Albert Einstein, a connoisseur of the arts, offered one of the best understandings of the purpose of the humanities.
It is not enough to teach a man a specialty. Through it he may become a kind of useful machine, but not a harmoniously developed personality. It is essential that the student acquire an understanding of and a lively feeling for values... He must learn to understand the motives of human beings, their illusions and their sufferings, in order to acquire a proper relationship to individual fellow men and to the community... Overemphasis on the competitive system and premature specialization on the ground of immediate usefulness kill the spirit on which all cultural life depends, specialized knowledge included.
Over the years, three primary models have been used for languge arts instruction in Western learning: The long-used "heritage model" believes that the goal of language arts is to transmit the cultural values and traditions of the culture through an agreed-upon body of literature. In addition, it uses modes and genres of writing that are learned through guided writing experiences. Instead, the "competencies model" is aimed at producing a mastery of language-related skills, especially in reading and writing. This model normally follows a predetermined sequence of learning through basal readers and graded language arts textbooks (Wood).
The third model of language arts instruction called process model, supported by such known educators as Nancie Atwell in her book In the Middle, vaies considerably from the other two more structured approaches. Instead of being led by specific texts and agreed-upon curricula, this model focuses on encouraging language processes that lead to growth in the written and oral language competencie in addition to broad content. The interests and needs of the students and knowledge, strategizing direction and interests of the teacher, determine the curriculum. Therefore, reading materials, writing topics and forms, and discussions vary among classrooms and even students within a classroom (Wood). Referring back to the importance of language arts, this approach furthers the students' ability to integrate what is learnied into their own world situations. This is done through involving the students directly into the learning process.
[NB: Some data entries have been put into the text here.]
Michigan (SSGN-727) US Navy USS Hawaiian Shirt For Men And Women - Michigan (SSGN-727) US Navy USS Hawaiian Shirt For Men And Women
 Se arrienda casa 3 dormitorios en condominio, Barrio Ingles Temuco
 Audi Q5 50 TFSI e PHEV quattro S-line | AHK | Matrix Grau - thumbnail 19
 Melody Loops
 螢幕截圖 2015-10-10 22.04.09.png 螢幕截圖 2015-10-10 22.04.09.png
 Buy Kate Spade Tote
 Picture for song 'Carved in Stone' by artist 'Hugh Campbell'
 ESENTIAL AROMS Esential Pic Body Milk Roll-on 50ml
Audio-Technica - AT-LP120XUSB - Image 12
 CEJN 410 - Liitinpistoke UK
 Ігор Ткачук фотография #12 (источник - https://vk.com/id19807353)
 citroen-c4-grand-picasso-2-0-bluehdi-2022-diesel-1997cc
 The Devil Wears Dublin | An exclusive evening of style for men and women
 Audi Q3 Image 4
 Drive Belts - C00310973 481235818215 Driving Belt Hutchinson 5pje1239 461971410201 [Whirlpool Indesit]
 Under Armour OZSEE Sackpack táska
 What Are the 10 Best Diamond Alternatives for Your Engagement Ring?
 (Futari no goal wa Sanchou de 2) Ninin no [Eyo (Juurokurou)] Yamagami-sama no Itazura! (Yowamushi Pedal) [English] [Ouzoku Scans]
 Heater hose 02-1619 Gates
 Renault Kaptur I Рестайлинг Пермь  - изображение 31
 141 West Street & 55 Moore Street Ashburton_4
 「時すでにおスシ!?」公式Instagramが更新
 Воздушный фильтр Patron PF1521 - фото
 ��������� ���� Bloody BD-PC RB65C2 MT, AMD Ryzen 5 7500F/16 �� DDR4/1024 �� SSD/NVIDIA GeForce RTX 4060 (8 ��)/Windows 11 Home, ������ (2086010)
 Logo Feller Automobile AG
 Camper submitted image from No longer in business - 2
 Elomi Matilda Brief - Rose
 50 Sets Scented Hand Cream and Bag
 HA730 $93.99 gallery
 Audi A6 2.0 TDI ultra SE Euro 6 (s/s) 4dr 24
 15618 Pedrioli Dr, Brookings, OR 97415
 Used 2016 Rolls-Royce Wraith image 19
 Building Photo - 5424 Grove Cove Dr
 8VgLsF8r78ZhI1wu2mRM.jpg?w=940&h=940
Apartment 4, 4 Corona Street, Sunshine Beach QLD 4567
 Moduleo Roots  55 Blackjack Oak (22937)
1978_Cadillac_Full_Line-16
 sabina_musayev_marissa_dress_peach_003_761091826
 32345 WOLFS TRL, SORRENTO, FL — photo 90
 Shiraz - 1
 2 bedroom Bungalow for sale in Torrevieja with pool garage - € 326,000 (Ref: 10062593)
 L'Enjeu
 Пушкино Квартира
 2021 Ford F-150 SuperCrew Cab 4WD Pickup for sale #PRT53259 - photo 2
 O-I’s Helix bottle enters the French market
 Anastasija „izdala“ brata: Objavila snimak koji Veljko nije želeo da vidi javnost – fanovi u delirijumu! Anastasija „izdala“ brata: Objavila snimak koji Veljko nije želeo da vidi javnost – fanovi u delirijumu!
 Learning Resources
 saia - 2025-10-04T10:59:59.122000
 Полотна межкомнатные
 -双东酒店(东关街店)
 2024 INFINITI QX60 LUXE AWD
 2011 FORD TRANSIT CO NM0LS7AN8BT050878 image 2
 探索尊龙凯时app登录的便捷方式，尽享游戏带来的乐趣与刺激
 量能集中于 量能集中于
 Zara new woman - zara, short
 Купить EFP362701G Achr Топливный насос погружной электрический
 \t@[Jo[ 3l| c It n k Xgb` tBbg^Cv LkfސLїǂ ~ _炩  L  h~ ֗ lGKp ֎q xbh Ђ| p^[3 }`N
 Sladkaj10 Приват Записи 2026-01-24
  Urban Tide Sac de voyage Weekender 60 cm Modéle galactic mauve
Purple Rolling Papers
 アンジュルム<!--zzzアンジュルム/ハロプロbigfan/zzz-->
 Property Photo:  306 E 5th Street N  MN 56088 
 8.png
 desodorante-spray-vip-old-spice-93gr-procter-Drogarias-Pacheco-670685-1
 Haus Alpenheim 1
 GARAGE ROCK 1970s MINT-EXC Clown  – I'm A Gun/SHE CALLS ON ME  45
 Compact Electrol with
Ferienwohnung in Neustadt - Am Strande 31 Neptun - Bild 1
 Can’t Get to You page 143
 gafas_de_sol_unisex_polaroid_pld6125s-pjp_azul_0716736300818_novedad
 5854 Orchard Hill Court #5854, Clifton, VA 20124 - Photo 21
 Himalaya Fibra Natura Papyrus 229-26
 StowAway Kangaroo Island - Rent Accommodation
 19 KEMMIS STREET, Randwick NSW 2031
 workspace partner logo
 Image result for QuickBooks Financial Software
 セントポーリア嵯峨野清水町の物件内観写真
Jim Burke, whose approach on writing is used religiously by teachers, notes how teachers serve as role models for student reflection on literature. Teachers can demonstrate the ways in which they, as readers, work their way through particular texts, and give students identifiable ways of approaching texts generally. It is this need for models, instead of any inability on student's part of students that may cause reading problems, especially in relatively difficult texts. He states, "I occasionally hear teachers complain that students can't read a certain text....however, we forget that this text is different, more challenging than others they have read" (44). While this may seem readily apparent to educators, Burke suggests that this task is framed not only by the expectations of what students "ought" to learn as required by state and national standards, but also by the teacher's own understanding of the students' location on a "Continuum of Complexity" -- "from simple understanding to confident interpretation of multiple texts" (43-44). He emphasizes that all levels of students can be helped to understand difficult texts, but only if "we... scaffold and sequence their reading so that we develop their ability to successfully read a series of increasingly challenging stories" (43).